According to Catherine de Villiers, rental consultant at Jawitz Properties, the rental market is experiencing one of its most challenging times and several factors are contributing to this, including Covid-19 and the associated lockdown restrictions, resulting in vacancies have increased since 2020.
“Covid-19 was definitely the major catalyst as it created vast financial implications and loss in people’s lives and livelihoods resulting in many tenants struggling to pay and becoming increasingly price sensitive.
"The low interest rates also created an environment for tenants to become homeowners with a massive surge in first-time homebuyers entering the market. These factors, as well as the many new sectional title developments coming onto the market, have resulted in an oversupply of rental properties. There are also countless furnished properties standing empty due to the lack of holiday rentals and expats coming into the country due to Covid and the travel restrictions imposed,” says De Villiers.
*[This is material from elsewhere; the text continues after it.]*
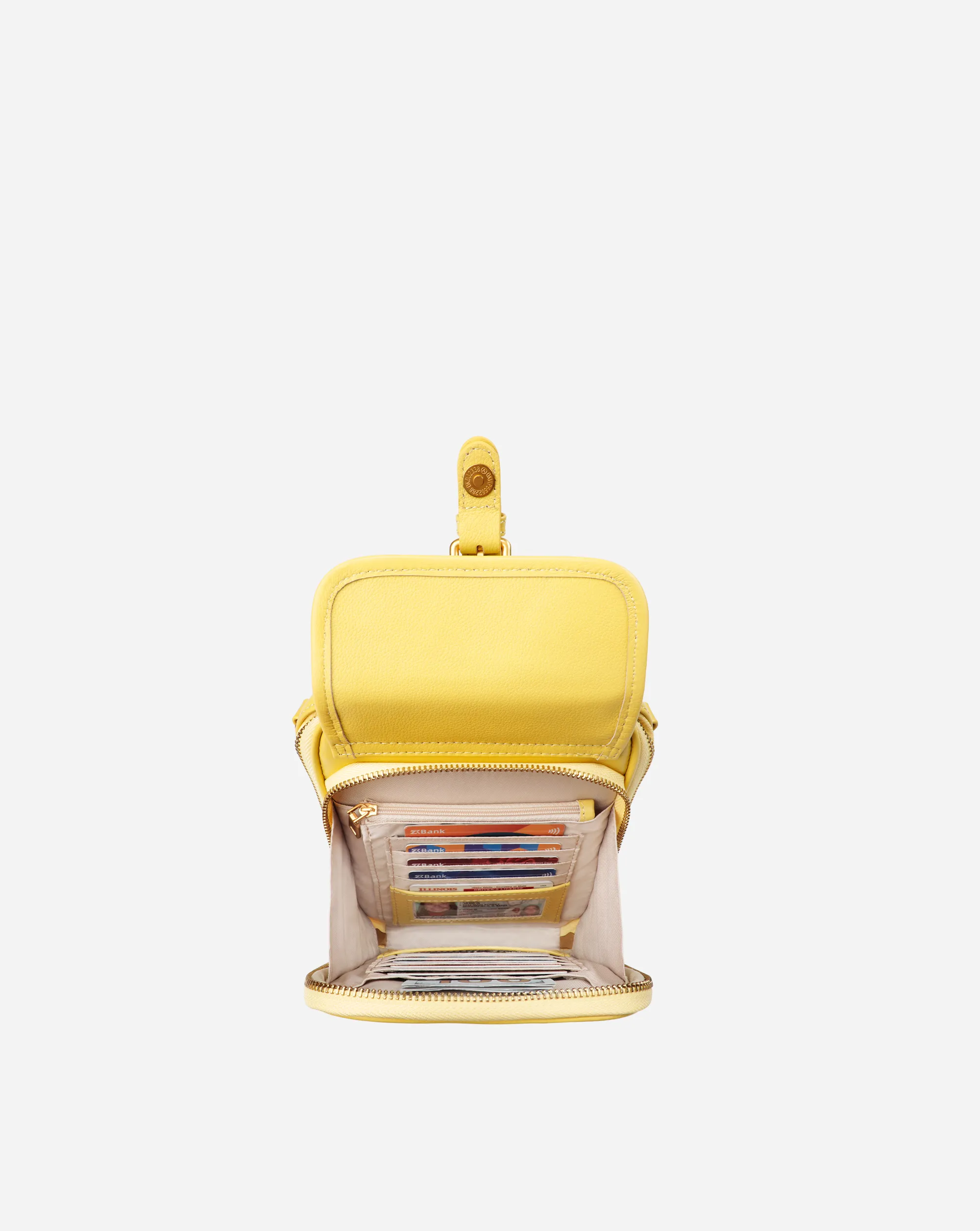 Naya Small Crossbody Bag 2.0L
There are, of course, still good calibre tenants looking for properties to rent and De Villiers says that those landlords who adjust mentally to the current conditions and follow these top tips will more readily secure a tenant and not have their properties stand empty month after month.
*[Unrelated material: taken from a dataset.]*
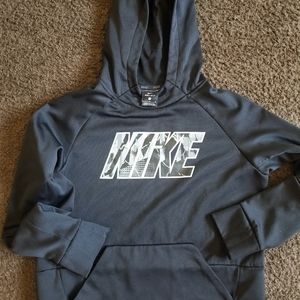 Nike Dri-fit Hoodie - Large - Black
1. Adjust your rental expectations
The glut of rental properties has impacted on the supply and demand ratio and pushed monthly rental prices down. Despite there still being demand, rentals have decreased by 25% on average across the board. With prospective tenants having lots to choose from, landlords need to adjust their rental expectations. “Take your agent’s advice as to a fitting price that will entice lessees. It makes sense to find a good tenant rather than have your property stand empty for months to come.”
A higher rental does not necessarily attract a better candidate of tenant. Tenants are looking for value and that value is determined by the market. Your agent will be best placed to advise you not only on the market but the calibre of candidate. Credit vetting is key in any market but more especially in the current environment.
2. Maintain your property to remain relevant
With tenants having the pick of the bunch, now is not the time to neglect your property. Take the opportunity, especially if it is standing empty, to modernise. A coat of paint, changing light fittings and door handles will go a long way. Take care of any needed repairs to maintain your property and to make it as presentable and desirable as possible. “We have found that tenants are more attracted to neat, clean and well-maintained properties that are flooded with light. It’s worth taking this into account not only when letting your property but also in terms of maintaining the value of your investment,” explains De Villiers.
3. Be flexible
With corporate, expat and holiday rentals at a standstill, there are increased numbers of furnished properties standing empty. “With 90% of enquirers asking for unfurnished premises, landlords would open themselves up to a much larger pool of potential tenants by being flexible to removing their furnishings, if need be. My advice would be to work with where the demand lies,” says De Villiers.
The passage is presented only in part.